Where a line of the records holds the string "Gold", copy that line.
▽
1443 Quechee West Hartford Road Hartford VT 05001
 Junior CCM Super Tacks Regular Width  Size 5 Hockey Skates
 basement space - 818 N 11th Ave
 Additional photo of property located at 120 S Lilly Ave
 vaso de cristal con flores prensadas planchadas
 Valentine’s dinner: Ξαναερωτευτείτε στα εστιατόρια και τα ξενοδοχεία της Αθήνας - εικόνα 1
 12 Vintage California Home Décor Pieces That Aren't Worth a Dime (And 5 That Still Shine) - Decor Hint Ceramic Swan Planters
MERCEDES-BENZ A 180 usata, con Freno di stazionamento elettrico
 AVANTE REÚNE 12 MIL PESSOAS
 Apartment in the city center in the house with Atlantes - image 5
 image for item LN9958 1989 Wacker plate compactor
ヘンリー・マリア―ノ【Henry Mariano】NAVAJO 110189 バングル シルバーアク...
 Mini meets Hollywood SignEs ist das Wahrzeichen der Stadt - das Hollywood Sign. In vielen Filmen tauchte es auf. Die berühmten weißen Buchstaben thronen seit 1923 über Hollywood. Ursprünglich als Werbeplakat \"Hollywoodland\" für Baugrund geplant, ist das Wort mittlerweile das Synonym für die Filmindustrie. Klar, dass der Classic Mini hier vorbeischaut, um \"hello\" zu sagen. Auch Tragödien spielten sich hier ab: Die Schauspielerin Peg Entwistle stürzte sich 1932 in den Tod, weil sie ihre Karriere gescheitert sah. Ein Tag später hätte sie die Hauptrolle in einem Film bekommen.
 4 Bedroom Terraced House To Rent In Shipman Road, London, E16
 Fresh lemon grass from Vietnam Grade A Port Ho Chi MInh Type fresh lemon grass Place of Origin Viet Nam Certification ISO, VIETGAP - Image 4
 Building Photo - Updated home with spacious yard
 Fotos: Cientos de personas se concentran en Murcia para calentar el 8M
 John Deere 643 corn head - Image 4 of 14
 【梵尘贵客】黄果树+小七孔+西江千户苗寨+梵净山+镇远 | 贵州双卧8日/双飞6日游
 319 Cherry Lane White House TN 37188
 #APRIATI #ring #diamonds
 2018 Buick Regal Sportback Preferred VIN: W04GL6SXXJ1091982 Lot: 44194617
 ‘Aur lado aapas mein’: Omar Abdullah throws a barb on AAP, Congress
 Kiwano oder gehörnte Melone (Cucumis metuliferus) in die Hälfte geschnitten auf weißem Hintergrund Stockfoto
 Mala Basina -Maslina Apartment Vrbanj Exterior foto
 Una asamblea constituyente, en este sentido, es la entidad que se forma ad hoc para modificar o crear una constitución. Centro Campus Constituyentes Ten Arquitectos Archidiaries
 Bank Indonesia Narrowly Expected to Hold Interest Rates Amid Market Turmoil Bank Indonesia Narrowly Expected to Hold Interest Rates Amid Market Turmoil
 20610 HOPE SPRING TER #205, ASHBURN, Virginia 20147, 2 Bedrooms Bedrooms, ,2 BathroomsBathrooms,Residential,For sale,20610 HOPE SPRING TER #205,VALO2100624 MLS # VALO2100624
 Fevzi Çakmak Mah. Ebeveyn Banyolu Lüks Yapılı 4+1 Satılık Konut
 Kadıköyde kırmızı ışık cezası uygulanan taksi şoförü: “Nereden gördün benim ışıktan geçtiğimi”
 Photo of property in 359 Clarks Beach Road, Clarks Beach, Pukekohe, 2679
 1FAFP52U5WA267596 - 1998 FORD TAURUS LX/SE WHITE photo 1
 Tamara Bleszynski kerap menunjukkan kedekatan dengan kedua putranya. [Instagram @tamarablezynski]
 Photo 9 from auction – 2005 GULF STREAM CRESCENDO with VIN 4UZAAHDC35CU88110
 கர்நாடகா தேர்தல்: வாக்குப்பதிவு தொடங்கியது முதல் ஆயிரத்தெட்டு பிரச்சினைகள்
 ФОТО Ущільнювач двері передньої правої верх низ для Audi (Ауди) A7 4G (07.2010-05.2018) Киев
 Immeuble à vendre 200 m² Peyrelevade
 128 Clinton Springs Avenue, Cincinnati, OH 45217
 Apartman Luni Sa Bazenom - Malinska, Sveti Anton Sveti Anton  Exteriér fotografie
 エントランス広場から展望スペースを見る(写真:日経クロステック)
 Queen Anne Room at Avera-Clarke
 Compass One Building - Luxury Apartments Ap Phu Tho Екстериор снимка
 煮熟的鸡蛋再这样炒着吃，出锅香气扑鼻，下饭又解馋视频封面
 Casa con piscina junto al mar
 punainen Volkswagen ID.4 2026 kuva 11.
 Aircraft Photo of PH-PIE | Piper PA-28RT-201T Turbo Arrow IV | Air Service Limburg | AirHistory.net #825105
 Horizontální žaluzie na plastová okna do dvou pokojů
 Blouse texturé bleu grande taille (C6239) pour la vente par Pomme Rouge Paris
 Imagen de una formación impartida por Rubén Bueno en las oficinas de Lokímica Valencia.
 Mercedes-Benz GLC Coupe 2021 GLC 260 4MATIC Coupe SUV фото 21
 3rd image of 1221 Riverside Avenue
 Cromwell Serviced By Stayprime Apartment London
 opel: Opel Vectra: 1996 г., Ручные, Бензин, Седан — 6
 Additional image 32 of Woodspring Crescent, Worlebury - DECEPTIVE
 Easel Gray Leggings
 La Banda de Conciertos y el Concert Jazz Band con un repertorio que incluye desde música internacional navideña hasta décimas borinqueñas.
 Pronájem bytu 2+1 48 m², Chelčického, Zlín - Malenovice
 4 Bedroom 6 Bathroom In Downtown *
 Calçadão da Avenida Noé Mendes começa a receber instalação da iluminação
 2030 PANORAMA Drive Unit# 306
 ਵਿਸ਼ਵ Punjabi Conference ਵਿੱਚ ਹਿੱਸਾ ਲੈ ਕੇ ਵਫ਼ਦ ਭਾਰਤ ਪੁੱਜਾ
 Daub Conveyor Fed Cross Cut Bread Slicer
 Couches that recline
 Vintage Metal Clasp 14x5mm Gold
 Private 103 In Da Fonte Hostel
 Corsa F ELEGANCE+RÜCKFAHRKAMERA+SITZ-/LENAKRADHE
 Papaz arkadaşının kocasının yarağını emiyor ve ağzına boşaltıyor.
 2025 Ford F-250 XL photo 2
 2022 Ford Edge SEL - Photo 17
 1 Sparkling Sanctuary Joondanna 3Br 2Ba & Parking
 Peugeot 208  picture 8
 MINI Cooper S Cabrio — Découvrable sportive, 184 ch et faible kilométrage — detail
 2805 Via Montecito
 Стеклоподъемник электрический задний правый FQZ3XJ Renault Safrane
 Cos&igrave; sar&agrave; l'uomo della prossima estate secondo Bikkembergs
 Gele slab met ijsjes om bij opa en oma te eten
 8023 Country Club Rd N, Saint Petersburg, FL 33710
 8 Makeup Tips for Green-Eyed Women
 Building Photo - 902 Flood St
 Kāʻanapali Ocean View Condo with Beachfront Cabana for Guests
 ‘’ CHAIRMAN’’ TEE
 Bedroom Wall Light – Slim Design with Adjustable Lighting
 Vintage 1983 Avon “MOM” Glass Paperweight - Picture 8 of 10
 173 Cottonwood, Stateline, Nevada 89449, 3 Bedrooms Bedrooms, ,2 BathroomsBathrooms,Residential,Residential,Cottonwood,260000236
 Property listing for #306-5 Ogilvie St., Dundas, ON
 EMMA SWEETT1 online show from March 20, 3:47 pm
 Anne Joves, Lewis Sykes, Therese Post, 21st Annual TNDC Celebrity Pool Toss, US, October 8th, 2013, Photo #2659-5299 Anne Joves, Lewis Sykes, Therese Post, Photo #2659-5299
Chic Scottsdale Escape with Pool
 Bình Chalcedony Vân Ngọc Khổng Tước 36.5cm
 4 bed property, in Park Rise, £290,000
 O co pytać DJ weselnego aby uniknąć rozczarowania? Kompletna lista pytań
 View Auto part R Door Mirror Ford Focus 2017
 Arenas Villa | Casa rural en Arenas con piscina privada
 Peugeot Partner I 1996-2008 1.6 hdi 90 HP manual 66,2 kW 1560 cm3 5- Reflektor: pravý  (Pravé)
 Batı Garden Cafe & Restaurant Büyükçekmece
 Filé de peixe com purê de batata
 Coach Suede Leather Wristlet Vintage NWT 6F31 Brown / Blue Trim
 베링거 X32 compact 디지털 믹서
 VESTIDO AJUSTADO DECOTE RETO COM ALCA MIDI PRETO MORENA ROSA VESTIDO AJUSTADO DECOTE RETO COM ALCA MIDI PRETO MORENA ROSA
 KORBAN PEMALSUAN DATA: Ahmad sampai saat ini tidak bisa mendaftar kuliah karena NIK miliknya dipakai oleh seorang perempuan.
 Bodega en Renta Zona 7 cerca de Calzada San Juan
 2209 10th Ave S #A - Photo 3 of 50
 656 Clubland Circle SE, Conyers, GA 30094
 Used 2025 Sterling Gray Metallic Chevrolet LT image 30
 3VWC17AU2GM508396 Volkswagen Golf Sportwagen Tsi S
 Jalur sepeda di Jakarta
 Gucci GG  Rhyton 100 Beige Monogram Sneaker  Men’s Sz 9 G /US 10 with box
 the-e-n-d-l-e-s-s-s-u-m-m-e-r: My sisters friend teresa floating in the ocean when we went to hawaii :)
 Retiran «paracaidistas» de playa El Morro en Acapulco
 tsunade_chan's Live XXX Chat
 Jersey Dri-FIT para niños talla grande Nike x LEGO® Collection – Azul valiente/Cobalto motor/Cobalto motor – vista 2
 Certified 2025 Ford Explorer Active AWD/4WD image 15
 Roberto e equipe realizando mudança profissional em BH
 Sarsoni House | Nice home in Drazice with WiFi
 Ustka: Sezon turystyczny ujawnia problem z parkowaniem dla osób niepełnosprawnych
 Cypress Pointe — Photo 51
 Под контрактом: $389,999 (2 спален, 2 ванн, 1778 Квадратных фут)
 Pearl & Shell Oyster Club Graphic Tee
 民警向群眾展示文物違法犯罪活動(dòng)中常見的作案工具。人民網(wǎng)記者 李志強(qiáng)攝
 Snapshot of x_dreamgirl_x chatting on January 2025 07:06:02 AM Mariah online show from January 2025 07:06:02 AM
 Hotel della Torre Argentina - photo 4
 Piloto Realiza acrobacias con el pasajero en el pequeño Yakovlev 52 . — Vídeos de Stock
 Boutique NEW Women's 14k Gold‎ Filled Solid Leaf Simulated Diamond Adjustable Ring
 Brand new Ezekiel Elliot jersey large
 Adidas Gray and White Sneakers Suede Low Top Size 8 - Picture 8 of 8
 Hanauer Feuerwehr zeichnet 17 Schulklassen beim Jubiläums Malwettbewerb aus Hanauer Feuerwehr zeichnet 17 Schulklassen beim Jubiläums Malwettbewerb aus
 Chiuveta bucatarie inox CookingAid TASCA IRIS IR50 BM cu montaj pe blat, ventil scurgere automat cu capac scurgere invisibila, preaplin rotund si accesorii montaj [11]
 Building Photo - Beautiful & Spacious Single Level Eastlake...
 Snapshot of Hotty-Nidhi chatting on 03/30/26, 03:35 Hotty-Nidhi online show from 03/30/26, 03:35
△
Task solution:
 Vintage Metal Clasp 14x5mm Gold
 Boutique NEW Women's 14k Gold‎ Filled Solid Leaf Simulated Diamond Adjustable Ring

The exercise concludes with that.